§ TASK TO CARRY OUT:
Output all of the listing, leaving every line exactly as written.

§ MATERIAL PROVIDED:
------------------------------------------------------------

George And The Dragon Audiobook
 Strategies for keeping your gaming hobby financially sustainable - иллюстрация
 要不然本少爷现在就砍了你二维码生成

------------------------------------------------------------

§ OUTPUT OF THE TASK:
George And The Dragon Audiobook
 Strategies for keeping your gaming hobby financially sustainable - иллюстрация
 要不然本少爷现在就砍了你二维码生成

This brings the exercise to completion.